Gianforte’s letter cites two court rulings to argue that, absent congressional approval, the federal government lacks authority to undertake such a conservation effort. Gianforte also took issue with the proposal’s current lack of detail, saying it’s unclear how “conservation,” “permanent protection” and “stewardship action” will be defined.
“The DOI would have Montana think that the Atlas is nothing more than an exercise in information gathering. However innocuously the DOI portrays this Atlas, the effort is wasted and could create significant harm to both Montana and its private landowners,” the letter reads. “Attributing undefined characteristics like ‘conservation’ or ‘wildlife habitats and corridors’ to private lands influences property values, may lead to promulgation of land restrictions, and raises a number of property ‘taking’ concerns pursuant to U.S. Constitution [Amendment] V.

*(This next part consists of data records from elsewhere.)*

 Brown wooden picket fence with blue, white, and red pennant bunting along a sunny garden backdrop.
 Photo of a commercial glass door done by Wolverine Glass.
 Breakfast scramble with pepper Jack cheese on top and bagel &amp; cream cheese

“Montana has done its job insofar as conserving natural areas and resources,” the letter continues. “Montana asks that the DOI allow this work to continue, unencumbered by federal attempts to ‘help.’”

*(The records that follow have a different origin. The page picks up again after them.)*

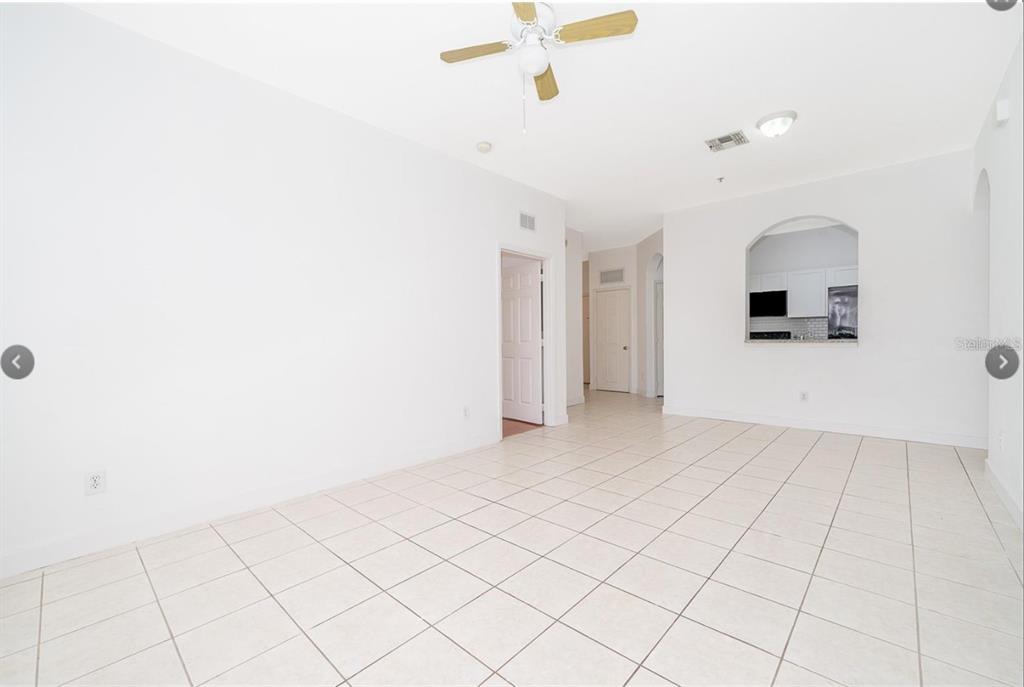 An empty room with white walls, tiled floors, a ceiling fan, and an arched opening — 6166 STEVENSON DRIVE UNIT 302, ORLANDO, FL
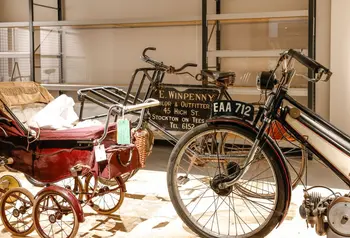 A space in the open store, containing a vintage motorcycle and pram.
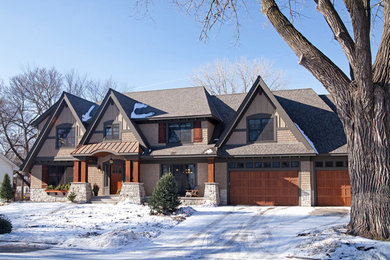 Huge elegant brown three-story wood gable roof photo in Minneapolis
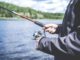 Angler holding fishing rod by lake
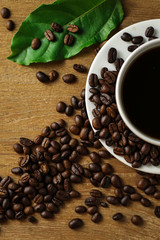 White coffee cup and coffee beans on wooden table with copyspace for text. Selective focus.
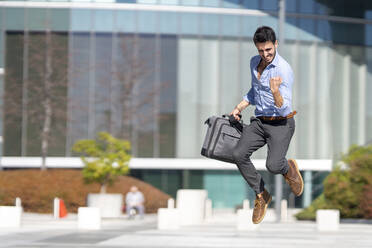 Young excited businessman holding briefcase while jumping outdoors - GGGF00373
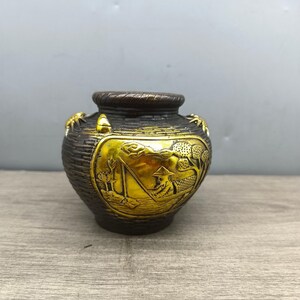 Puede incluir: Un jarrón decorativo de color bronce con un panel dorado que presenta una escena grabada de una persona pescando desde un barco. El jarrón tiene una textura tejida y pequeños detalles dorados.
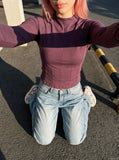 DAXUEN dark plum mock neck athletic top — model photo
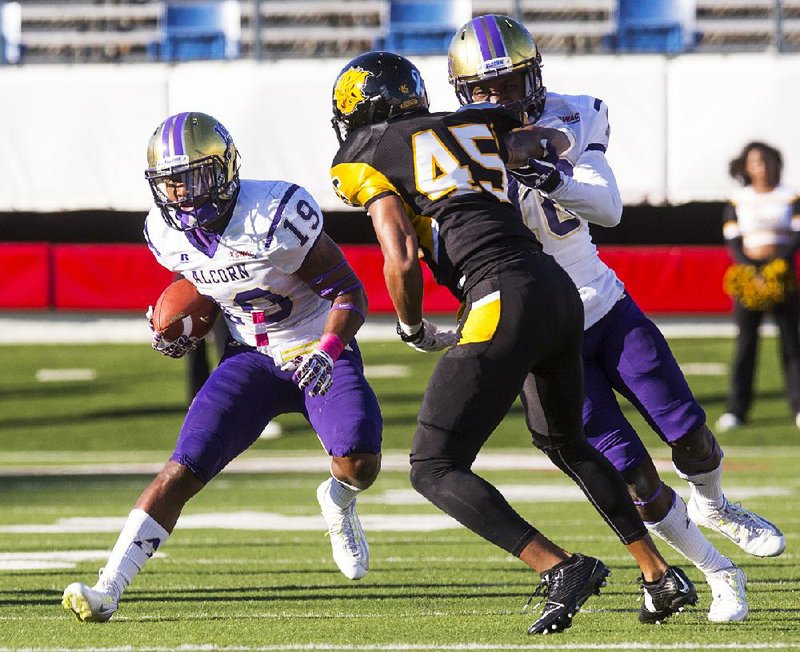 Alcorn State’s Anthony Williams Jr. looks for an opening as UAPB’s Sidney Austin closes in during Saturday’s game at War Memorial Stadium in Little Rock. The Braves jumped out to a 35-7 lead and cruised to their fourth consecutive victory.
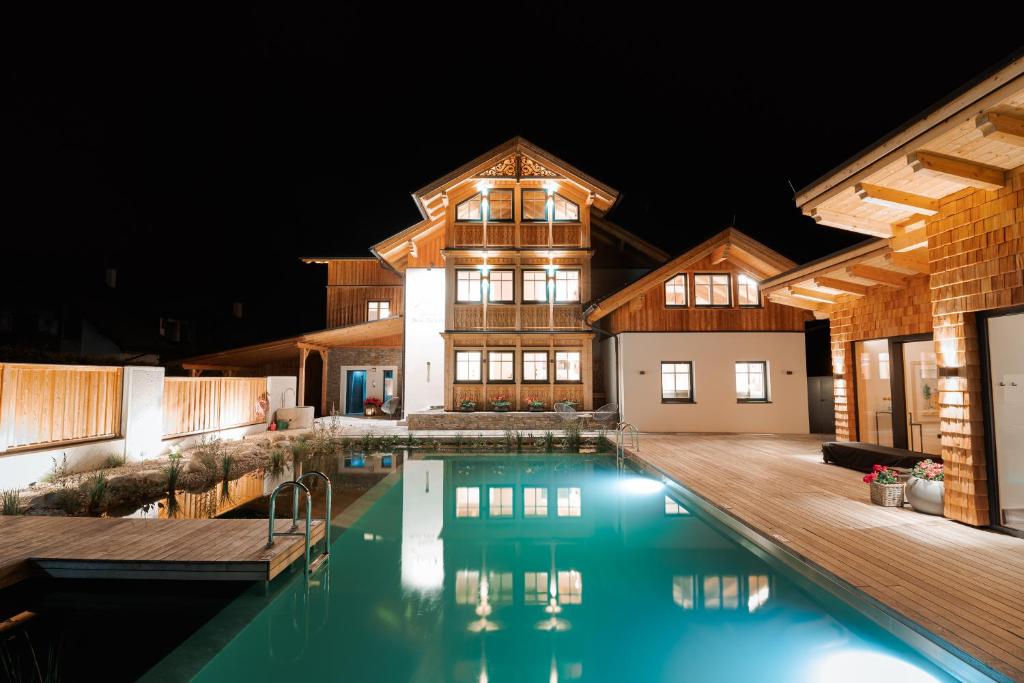 a house with a swimming pool at night at DAS SALZBERG Hideaway Bad Aussee - Adults only in Bad Aussee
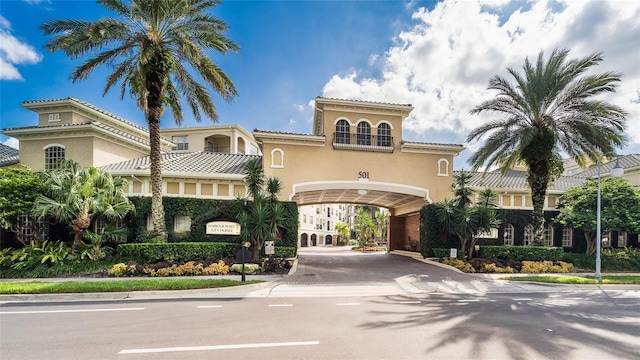 view of building exterior with driveway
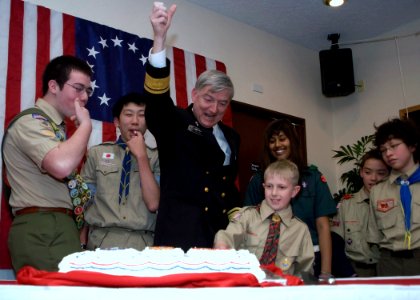 US Navy 090228-N-2013O-060 Rear Adm. James D. Kelly cuts the celebratory cake with the help of local scouts after receiving the Distinguished Eagle Scout Award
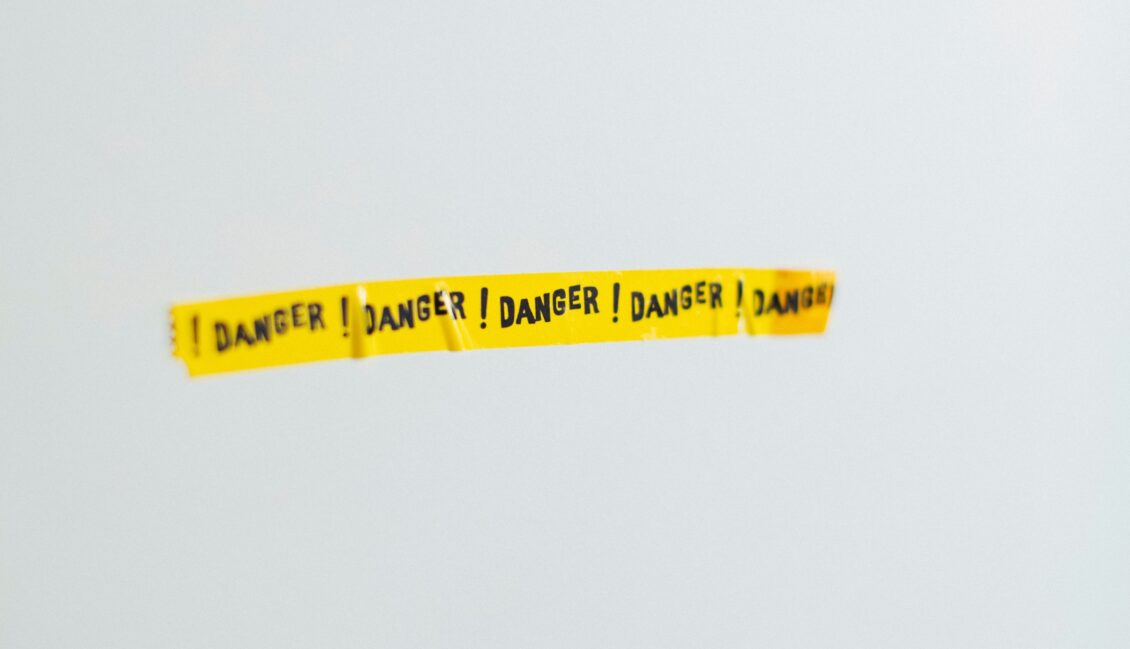yellow tape reading danger is stuck on a white wall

Gianforte had earlier signaled resistance to the initiative. In February 2021, he and 16 other Republican governors sent a letter asking Biden to rescind the executive order that established 30 by 30 (though the letter’s focus was a different initiative established by the same executive order that put a moratorium on federal oil and gas leasing).
Gianforte’s new letter was submitted March 7, the last day of a 60-day public comment period on DOI’s atlas plan. Five state agency heads cosigned the letter, including Amanda Kaster (Department of Natural Resources and Conservation), Chris Dorrington (Montana Department of Environmental Quality), Christy Clark (Montana Department of Agriculture), Michael Honeycutt (Montana Department of Livestock) and Henry “Hank” Worsech (Montana Fish, Wildlife and Parks).

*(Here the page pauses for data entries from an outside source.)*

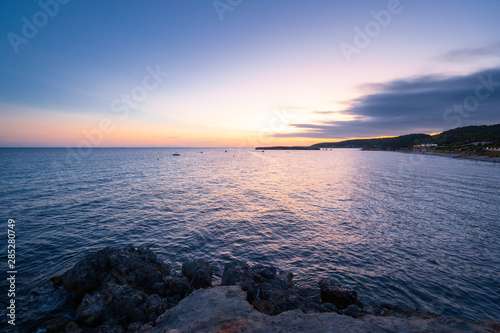 Beach of Sant Tomas on the island of Menorca during sunset. Mediterranean sea in spanish island.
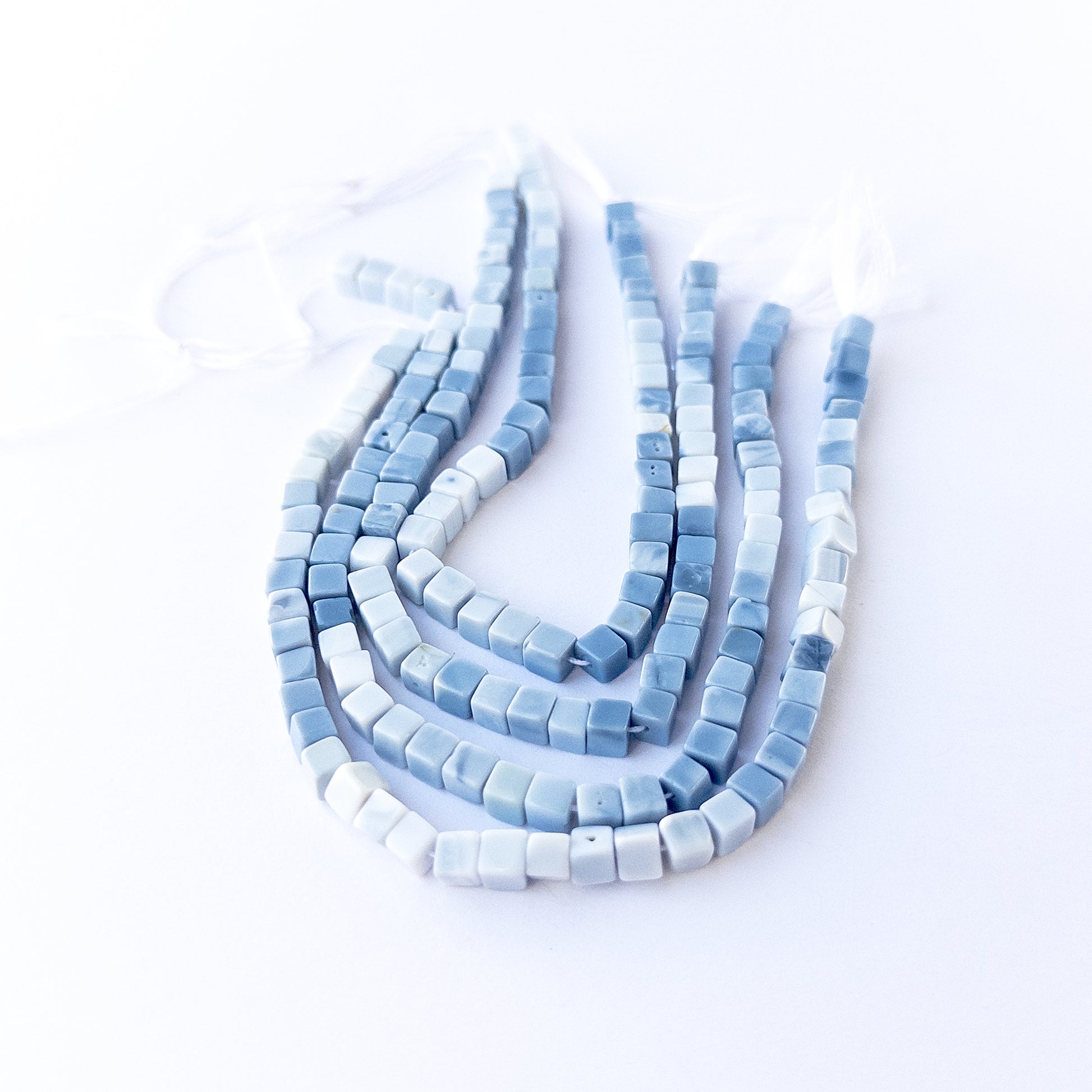 Genuine Denim Opal smooth cube stone beads with polished surfaces ideal for gemstone beads for DIY jewellery making.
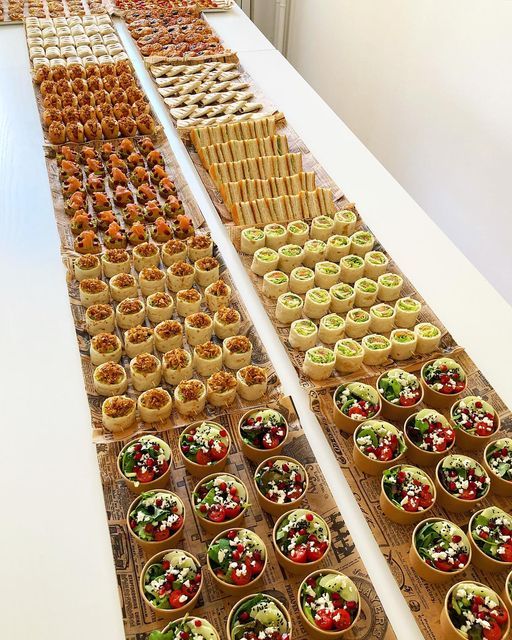 several trays filled with food sitting on top of a white table next to each other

The 30 by 30 initiative has garnered support from national and statewide conservation organizations including the Natural Resources Defense Council, the National Wildlife Federation, and the Montana Association of Land Trusts. Last March, 70 mayors nationwide, including Helena’s Wilmot Collins, endorsed 30 by 30.
Other groups have offered comments calling for a reorientation of the effort or highlighting both potential benefits and concerns. The Property and Environment Research Center, a Bozeman-based group that advocates free-market approaches to environmental issues, suggested the effort proceed with sensitivity to the interests of private landowners. PERC’s comment also voiced concern about the atlas edging into “intrusive regulation” territory.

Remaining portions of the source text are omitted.